### PROVIDED RECORDS
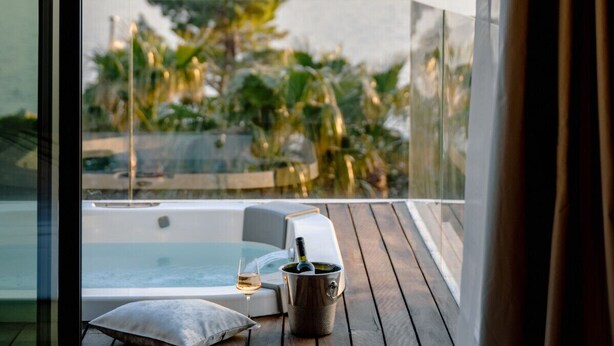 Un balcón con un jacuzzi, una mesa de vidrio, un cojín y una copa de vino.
...
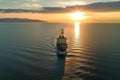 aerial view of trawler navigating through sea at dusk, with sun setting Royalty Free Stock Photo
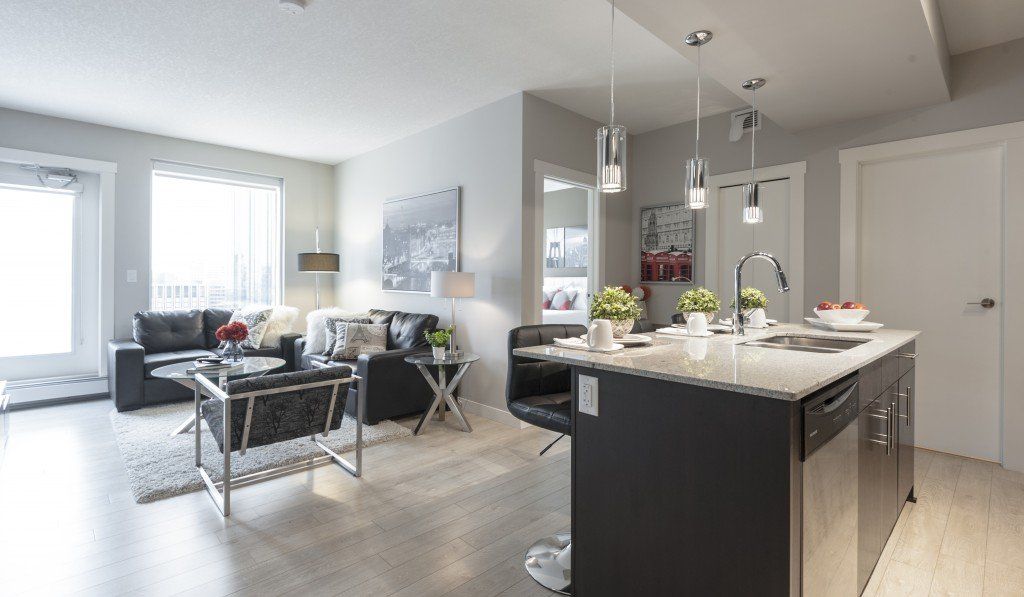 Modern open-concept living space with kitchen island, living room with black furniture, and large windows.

### EXERCISE BRIEF
Although the records above contain pictures, the copy should not; retype exactly the lines from the one containing "aerial view of" through the one containing "Modern open-concept living".

### RESULT OF THIS TASK
 aerial view of trawler navigating through sea at dusk, with sun setting Royalty Free Stock Photo
 Modern open-concept living space with kitchen island, living room with black furniture, and large windows.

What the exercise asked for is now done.